(How to complete this task) Every line from the one with "Adidas LA Trainer K viola" to the end of the listing, and nothing else, is to be printed exactly; please leave the pictures out.

(The data)
++++++++++
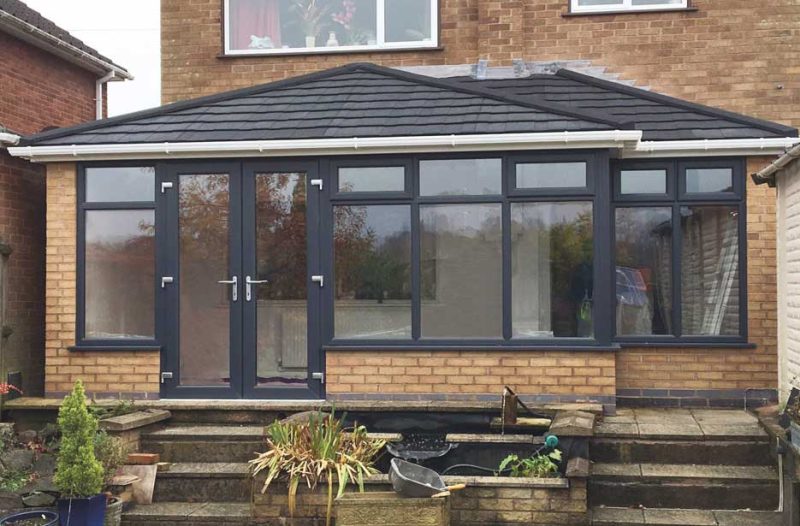 upvc conservatories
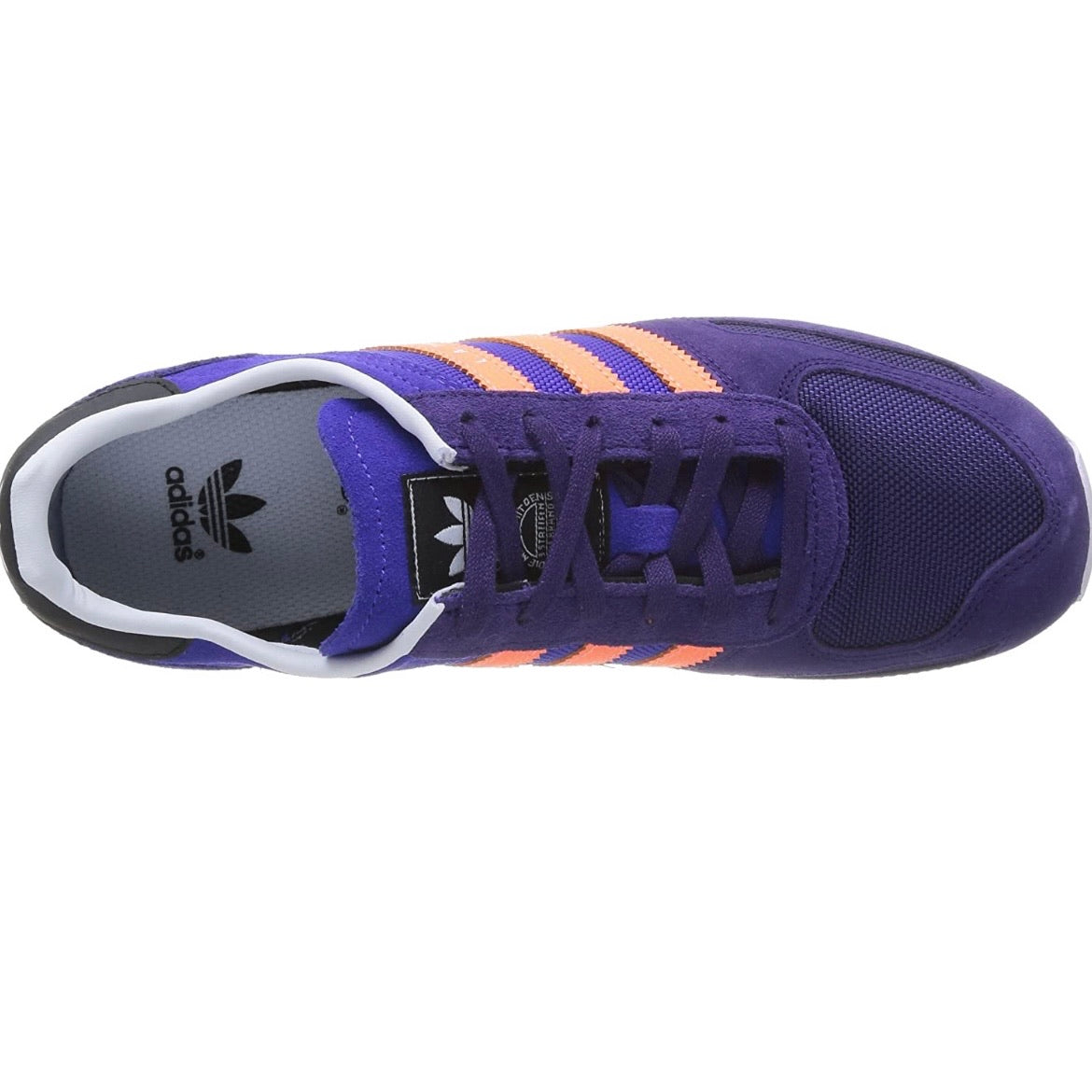 Adidas LA Trainer K viola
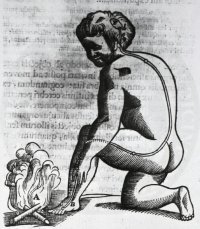 Cartesio (1595-1650): La sensazione del calore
++++++++++
(Written response)
 Adidas LA Trainer K viola
 Cartesio (1595-1650): La sensazione del calore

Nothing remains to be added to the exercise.